In 1999, Olga Diniacopoulos requested Concordia University to assist with the management of the family’s antiquities collection. Part of the funds was to be used for student scholarships at the university, where Olga’s son, Denis, was a faculty member. The man responsible for this undertaking was Clarence Epstein, who, whilst studying the collection, brought the Starving of Saqqara back into the light. At that point of time, the statue was in fragments.
Making Sense of the Starving of Saqqara
After re-assembling the sculpture, the next step was to make sense of it. As the Diniacopoulos family themselves were uncertain about the statue’s origins and history, researchers from around the world were contacted.
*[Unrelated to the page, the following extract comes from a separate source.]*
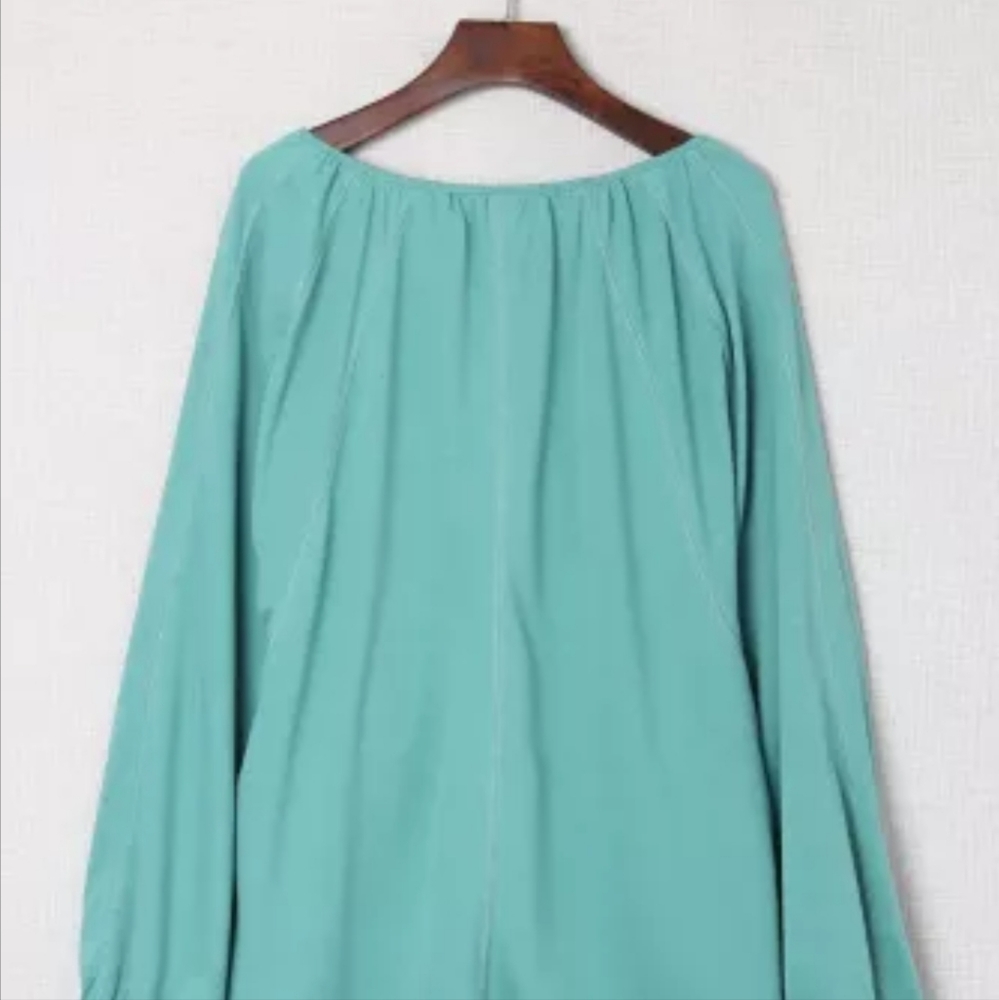 1 med left 💜New Split neck dolman top - Picture 12 of 16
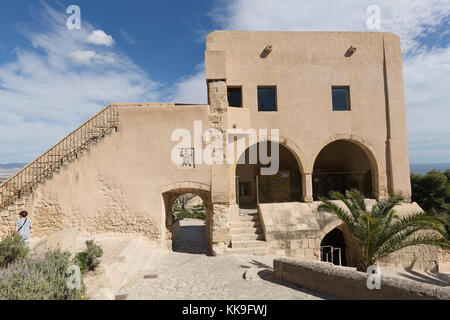 Alicante, Espagne 19 octobre 2017 : les touristes visitant le château de Santa Barbara de la ville d'alicante Banque D'Images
Experts from such institutes as the British Museum, the University of Cambridge, and the Israel Museum were contacted, in the hopes that the sculpture might be identified. Unfortunately, no one was able to say what it was with certainty.
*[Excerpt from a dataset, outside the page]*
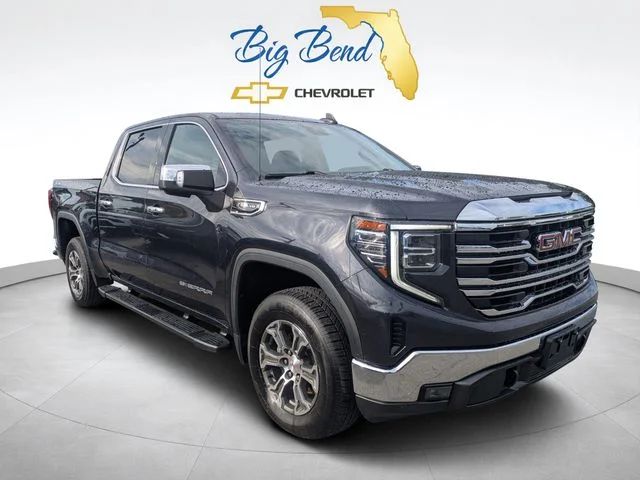 Used 2024 Silver GMC SLT image 1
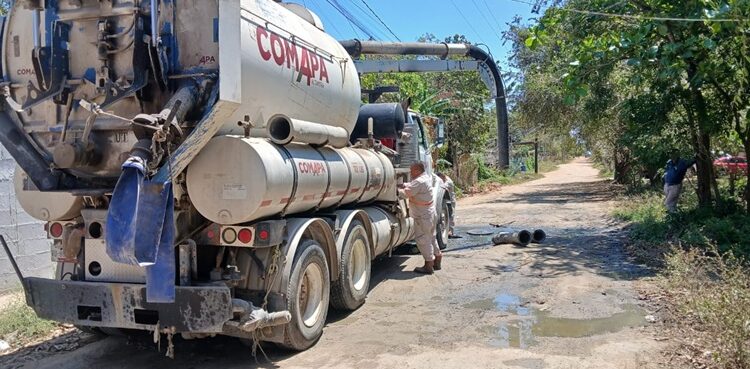 Proporciona COMAPA Altamira mantenimiento a pozos de visita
The Starving of Saqqara is generally thought to date to the Pre-Dynastic period . Epstein further states that the sculpture may have been from a tomb or burial site, and that it was meant to represent the people that were conquered by an ancient Egyptian ruler. The physical features of the sculpted figures suggest that they may have been meant to represent Nubians. Others, however, have suggested that the sculpture may have been created around the time when the Jews were exiled from Egypt. Some have even considered that the sculpture might be a modern fake.
Nubian features on the Starving of Saqqara sculpture. (Concordia University/ YouTube Screenshot )
The authenticity of the Starving of Saqqara has been questioned due to the fact that the experts are unaware of anything else like it. Nevertheless, it is generally held that the sculpture is real. Experts at Concordia University, for instance, point out that the sculpture had been legally authorized for export. Considering that this was done during a period when the trade in antiquities was casual and poorly monitored, they argue that the sculpture is genuine. Another expert, the Swiss art historian Jean-Jacques Fiechter, wrote that the sculpture had to be genuine, otherwise Vincent Diniacopoulos, an experienced collector, would not have bought it, and then shipped it all the way to Montreal at a heavy cost.
Still, one may argue that even experts make mistakes. In any case, the sculpture remains a mystery, and further research has been considered by Concordia University.